ByteByteGo Newsletter

Share this post

Why is Kafka so fast? How does it work?

blog.bytebytego.com

Why is Kafka so fast? How does it work?

ByteByteGo
Sep 14, 2023
∙ Paid
236
  • Share this post with a friend

    Since you liked this post, why not share it to help spread the word?
Share this post

Why is Kafka so fast? How does it work?

blog.bytebytego.com
3
8
Share

With data streaming into enterprises at an exponential rate, a robust and high-performing messaging system is crucial. Apache Kafka has emerged as a popular choice for its speed and scalability - but what exactly makes it so fast?

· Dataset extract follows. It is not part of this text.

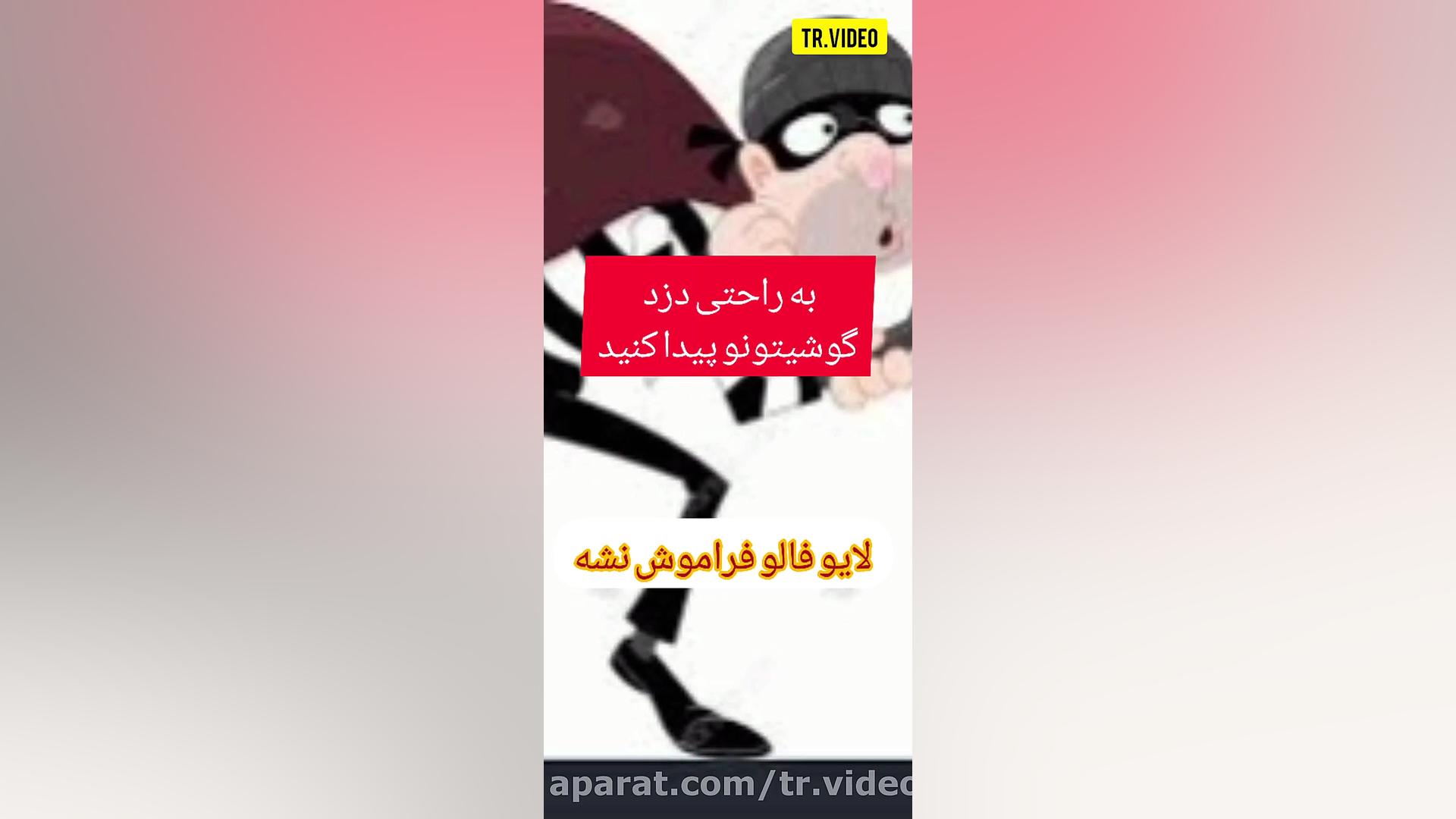 پیدا کردن دزد گوشیتون به راحتی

In this issue, we'll explore:

  • Kafka's architecture and its core components like producer, brokers, and consumers

  • How Kafka optimizes data storage and replication

  • The optimizations that enable Kafka’s impressive throughput and low latency

Let’s dive into Kafka’s core components first.

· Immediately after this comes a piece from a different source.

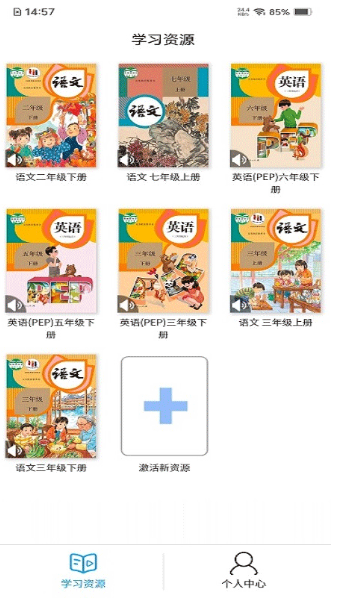 人教易视听下载安装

Kafka Architecture Distilled

In a typical scenario where Kafka is used as a pub-sub messaging middleware, there are 3 important components: producer, broker, and consumer. The producer is the message sender, and the consumer is the message receiver. The broker is usually deployed in a cluster mode, which handles incoming messages and writes them to the broker partitions, allowing consumers to read from them. 

Note that Kafka is positioned as an event streaming platform, so the term “message”, which is often used in message queues, is not used in Kafka. We call it an “event”. 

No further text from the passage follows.